**Required action**
Beginning with the first line of the entries below, quote each line until you reach and include the line with "Used 2020 Honda Accord Sport image 11".

**Dataset entries**
┌──

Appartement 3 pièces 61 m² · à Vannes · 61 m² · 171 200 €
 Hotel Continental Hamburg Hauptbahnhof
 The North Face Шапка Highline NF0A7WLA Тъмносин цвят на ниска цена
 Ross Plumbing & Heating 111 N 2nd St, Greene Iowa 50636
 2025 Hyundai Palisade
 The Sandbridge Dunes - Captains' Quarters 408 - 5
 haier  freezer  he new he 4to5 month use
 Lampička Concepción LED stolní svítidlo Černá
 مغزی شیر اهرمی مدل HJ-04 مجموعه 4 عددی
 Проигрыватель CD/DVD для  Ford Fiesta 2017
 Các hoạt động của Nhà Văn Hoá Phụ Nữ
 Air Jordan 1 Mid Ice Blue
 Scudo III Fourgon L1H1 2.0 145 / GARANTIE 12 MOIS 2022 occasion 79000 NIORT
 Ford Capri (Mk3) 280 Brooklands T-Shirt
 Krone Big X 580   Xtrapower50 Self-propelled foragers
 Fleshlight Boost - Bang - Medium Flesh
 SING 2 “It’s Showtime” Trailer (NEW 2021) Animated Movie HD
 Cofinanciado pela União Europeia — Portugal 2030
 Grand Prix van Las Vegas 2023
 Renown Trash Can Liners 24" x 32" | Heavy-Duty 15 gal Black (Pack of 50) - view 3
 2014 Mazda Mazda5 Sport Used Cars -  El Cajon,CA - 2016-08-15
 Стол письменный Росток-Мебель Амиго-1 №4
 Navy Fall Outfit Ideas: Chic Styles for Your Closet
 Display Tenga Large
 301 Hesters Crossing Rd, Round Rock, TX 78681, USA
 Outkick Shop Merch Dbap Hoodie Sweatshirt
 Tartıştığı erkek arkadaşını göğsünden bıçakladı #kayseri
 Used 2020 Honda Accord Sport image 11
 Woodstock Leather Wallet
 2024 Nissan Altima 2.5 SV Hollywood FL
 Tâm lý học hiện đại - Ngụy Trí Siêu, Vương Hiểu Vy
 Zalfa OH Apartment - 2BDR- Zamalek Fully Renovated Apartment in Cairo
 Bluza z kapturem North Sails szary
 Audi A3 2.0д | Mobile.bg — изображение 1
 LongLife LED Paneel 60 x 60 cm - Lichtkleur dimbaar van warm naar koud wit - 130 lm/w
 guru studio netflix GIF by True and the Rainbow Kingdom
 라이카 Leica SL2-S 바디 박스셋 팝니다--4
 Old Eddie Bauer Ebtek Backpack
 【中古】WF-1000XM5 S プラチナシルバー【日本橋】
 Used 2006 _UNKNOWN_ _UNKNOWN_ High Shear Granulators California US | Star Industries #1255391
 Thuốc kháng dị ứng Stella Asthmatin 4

└──

**Exercise result**
Appartement 3 pièces 61 m² · à Vannes · 61 m² · 171 200 €
 Hotel Continental Hamburg Hauptbahnhof
 The North Face Шапка Highline NF0A7WLA Тъмносин цвят на ниска цена
 Ross Plumbing & Heating 111 N 2nd St, Greene Iowa 50636
 2025 Hyundai Palisade
 The Sandbridge Dunes - Captains' Quarters 408 - 5
 haier  freezer  he new he 4to5 month use
 Lampička Concepción LED stolní svítidlo Černá
 مغزی شیر اهرمی مدل HJ-04 مجموعه 4 عددی
 Проигрыватель CD/DVD для  Ford Fiesta 2017
 Các hoạt động của Nhà Văn Hoá Phụ Nữ
 Air Jordan 1 Mid Ice Blue
 Scudo III Fourgon L1H1 2.0 145 / GARANTIE 12 MOIS 2022 occasion 79000 NIORT
 Ford Capri (Mk3) 280 Brooklands T-Shirt
 Krone Big X 580   Xtrapower50 Self-propelled foragers
 Fleshlight Boost - Bang - Medium Flesh
 SING 2 “It’s Showtime” Trailer (NEW 2021) Animated Movie HD
 Cofinanciado pela União Europeia — Portugal 2030
 Grand Prix van Las Vegas 2023
 Renown Trash Can Liners 24" x 32" | Heavy-Duty 15 gal Black (Pack of 50) - view 3
 2014 Mazda Mazda5 Sport Used Cars -  El Cajon,CA - 2016-08-15
 Стол письменный Росток-Мебель Амиго-1 №4
 Navy Fall Outfit Ideas: Chic Styles for Your Closet
 Display Tenga Large
 301 Hesters Crossing Rd, Round Rock, TX 78681, USA
 Outkick Shop Merch Dbap Hoodie Sweatshirt
 Tartıştığı erkek arkadaşını göğsünden bıçakladı #kayseri
 Used 2020 Honda Accord Sport image 11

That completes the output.